# Tournament Tactics and Tips



## Baalirock (Oct 6, 2008)

Hi, all! I'm going to be playing in my first tournament at the end of the month, so I am frantically trying to finish assembling and painting as many of my minis as I can between now and then. The tournament will be at my FLGS, and it will be 1500 points. My question for you is, does anyone have any tips or advice for general tournament play? I play Orks, but I'm really just looking for general tips, instead of anything Army-specific. Any input would be appreciated. :mrgreen:


----------



## Wounded (Jan 24, 2009)

Tip #1: Get a new avatar. that one un-nerves me.


----------



## m3rr3k (Oct 14, 2008)

1) Read your opponent's list before deploying. Ask questions.
2) Don't be a dick. A guy at fracas laughed when his opponent dropped his slinger & it exploded.
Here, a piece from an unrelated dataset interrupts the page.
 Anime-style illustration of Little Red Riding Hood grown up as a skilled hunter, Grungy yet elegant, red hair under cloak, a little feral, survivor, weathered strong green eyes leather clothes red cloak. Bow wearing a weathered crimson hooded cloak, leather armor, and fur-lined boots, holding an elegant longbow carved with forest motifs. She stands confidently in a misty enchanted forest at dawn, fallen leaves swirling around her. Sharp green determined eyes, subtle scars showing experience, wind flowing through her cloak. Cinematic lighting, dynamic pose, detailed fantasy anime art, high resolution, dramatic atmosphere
Got 0-bombed pretty hard...
3) Have a shower the morning of & use anti-persperant - there's nothing worse than being in a small room with 50 guys with bad hygiene...
4) Try not to rule lawyer, it's not fun & nobody will respect you. playing RAW does not mean lawyering.
5) Bring all the FAQs, not just your own.
6) Bring an army list for yourself AND for EACH of your opponents. People like to take them with them so they can remember what they played & attempt to adjust their tactics seeing what did / didn't work against what.
7) Summarize your wargear on your armylist. Nothing worse than spending 5 minutes a turn flipping through codex' to find specific rules you should know.
8) Try to clear your mind between rounds. Don't let a massacre in round 2 affect the rest of your day...
9) Don't leave the table during your opponent's turn. Ask for bathroom breaks.
10) I had an opponent show up 1 hour late for a round after lunch... Don't do that. He was a very nice guy, had a fantastic army, but because he was late we only got to play 3 turns...


----------



## Revelations (Mar 17, 2008)

Tournaments are so static in my opinion; most tactics and army compositions are so similar, I question why someone doesn't take advantage of that and run the tables. I've played one, and got so rediculously bored with it, there are just so many bad things about them I generally avoid them. I hate WYSIWYG and the constant complaining. Figures that 3 of my group are bugging me to go to the next one. 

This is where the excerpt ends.